Argh, one more book I thought useful, which you can't recommend anymore. The irony is that the work Einstein got his Nobel prize for is the only one which is completely obsolete today, known as "the old quantum theory" with all the mysterious properties like wave-particle dualism etc. His works on relativity (classical part) and statistical physics are, of course, valid today. It's amusing that Einstein's Nobel certificate explicitly says that the prize was not (!) given for relativity, which was due to some philosophical dispute dominated by a then famous philosopher Bergson, who thought that the relativsitic notion of time was flawed ;-)).
Today we exclusively use "modern quantum theory", which has been discovered almost at the same time (1925-1926) in three formulations: "matrix mechanics" (suggested by Heisenberg, worked out by Born, Jordan, and Heisenberg in 1925), "wave mechanics" (Schrödinger 1926), and "transformation theory" (Dirac 1926). Born and Jordan had already in 1926 also the idea of field quantization, applied to the electromagnetic field, but this was overlooked for some time and had to be rediscovered by Dirac in 1927.
Unfortunately the introductory chapters of textbooks still use the old wave-particle dualism and the wrong picture of photons as "light particles" of the old quantum theory, which regularly leads to confusion.
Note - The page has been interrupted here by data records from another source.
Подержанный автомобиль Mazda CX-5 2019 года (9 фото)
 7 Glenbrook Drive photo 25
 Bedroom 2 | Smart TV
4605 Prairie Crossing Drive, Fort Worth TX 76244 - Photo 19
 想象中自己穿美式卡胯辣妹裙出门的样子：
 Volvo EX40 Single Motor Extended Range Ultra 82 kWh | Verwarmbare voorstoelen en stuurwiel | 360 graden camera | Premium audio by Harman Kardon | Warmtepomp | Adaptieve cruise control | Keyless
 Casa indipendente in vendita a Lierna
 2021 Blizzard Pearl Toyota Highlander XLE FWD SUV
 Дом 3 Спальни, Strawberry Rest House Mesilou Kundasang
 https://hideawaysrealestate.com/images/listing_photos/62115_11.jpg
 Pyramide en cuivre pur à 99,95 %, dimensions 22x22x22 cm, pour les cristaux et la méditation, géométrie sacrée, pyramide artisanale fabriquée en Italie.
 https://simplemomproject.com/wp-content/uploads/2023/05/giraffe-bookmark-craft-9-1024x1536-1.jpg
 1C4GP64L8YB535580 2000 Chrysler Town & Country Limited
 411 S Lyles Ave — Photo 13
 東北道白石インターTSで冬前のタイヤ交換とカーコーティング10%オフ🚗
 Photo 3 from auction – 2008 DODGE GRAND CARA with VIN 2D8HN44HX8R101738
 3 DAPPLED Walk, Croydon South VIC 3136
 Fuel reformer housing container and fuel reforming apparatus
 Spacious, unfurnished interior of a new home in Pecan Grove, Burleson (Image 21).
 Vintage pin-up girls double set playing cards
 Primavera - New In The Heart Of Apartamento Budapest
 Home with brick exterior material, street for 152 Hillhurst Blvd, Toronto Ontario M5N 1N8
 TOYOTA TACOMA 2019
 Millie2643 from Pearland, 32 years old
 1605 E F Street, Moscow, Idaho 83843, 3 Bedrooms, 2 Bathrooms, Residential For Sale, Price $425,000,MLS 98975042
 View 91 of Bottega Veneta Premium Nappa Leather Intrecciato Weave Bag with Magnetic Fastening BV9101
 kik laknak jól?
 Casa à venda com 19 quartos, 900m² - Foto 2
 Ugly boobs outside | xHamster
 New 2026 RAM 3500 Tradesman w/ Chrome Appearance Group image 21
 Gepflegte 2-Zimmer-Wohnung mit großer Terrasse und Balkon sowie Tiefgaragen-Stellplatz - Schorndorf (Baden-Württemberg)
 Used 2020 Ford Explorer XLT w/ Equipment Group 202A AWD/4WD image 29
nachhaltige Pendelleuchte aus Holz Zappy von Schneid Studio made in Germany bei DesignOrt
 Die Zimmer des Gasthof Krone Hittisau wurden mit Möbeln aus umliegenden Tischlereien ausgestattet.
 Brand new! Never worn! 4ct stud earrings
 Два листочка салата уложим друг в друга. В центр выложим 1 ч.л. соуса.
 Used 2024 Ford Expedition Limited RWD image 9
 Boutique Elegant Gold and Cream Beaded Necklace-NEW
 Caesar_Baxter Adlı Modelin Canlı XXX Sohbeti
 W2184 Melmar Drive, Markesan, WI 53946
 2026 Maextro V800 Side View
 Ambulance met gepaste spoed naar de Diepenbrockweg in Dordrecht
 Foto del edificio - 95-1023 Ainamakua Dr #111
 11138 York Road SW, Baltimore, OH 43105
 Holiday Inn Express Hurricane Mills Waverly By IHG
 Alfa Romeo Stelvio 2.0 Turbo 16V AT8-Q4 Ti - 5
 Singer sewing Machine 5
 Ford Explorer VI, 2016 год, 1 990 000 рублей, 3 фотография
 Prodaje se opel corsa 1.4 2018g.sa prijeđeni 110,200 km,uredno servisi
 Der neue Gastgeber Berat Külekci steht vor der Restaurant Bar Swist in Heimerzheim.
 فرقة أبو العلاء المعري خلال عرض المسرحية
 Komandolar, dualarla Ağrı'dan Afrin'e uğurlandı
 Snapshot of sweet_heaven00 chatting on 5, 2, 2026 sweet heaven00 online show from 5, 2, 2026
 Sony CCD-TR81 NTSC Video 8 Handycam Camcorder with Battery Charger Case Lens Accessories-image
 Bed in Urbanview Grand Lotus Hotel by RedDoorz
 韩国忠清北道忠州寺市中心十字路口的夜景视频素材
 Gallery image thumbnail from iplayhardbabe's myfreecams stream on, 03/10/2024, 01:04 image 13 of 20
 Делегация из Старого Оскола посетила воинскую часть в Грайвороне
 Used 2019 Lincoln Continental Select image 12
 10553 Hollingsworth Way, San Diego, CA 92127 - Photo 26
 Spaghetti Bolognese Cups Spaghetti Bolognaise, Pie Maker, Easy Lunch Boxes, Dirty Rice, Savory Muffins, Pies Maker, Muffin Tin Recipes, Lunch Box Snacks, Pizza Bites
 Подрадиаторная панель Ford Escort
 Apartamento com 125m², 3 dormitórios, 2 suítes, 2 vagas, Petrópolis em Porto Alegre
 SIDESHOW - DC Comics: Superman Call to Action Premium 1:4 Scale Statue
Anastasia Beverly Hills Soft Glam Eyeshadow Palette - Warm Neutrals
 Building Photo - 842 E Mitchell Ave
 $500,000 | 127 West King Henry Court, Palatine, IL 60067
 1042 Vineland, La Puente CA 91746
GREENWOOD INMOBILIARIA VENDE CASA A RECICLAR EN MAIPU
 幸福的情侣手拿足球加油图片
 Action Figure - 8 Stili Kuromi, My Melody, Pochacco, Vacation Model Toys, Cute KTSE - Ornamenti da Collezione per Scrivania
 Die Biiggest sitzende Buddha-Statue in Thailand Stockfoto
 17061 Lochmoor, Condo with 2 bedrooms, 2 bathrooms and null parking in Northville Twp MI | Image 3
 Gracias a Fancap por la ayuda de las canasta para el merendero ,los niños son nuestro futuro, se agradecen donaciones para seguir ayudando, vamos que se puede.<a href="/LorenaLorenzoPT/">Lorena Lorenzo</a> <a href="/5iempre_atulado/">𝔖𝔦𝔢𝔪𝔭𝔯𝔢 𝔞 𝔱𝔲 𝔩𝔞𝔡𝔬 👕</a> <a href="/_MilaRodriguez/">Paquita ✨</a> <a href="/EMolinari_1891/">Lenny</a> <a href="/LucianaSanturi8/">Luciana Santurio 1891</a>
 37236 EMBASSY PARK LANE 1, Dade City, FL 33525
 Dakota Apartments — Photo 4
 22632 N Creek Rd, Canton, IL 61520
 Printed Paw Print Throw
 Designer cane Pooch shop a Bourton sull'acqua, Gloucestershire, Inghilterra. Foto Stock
The problem with that approach is that you have unlearn these claims again when going on to study the now established modern quantum theory.
Photons are the least particle-like entities of the entire business. The reason is that they have to be described as massless fields with spin 1 within relativistic quantum field theory. This implies that that they do not even admit the definition of a proper position operator, i.e., it doesn't make sense to talk about "point particles" in the context of photons from very basic principles. Thus photons are not only not localizable but you cannot even really define what "localizable" in a strict sense should mean.
A much better intuitive picture is to think of photons in terms of electromagnetic waves, known from classical electrodynamics since Maxwell's and Hertz's works in the 19th century. The only "particle-like aspect" is that a single-photon must be understood as a specific state of the quantized electromagnetic field, where strictly only one quantum of this field is present. This implies that you can detect only the "entire photon" or "nothing" at a certain place and time, where the place is determined by the location of the photon detector (e.g., a CCD camera or a photo plate). From the fundamental theory of the interaction of the em. field with charged particles you find out that the detection probability at a certain place and time is proportional to the energy density of the electromagnetic field, and that's all you can know about the photon (plus the probability for a given polarization state, if this is also measured).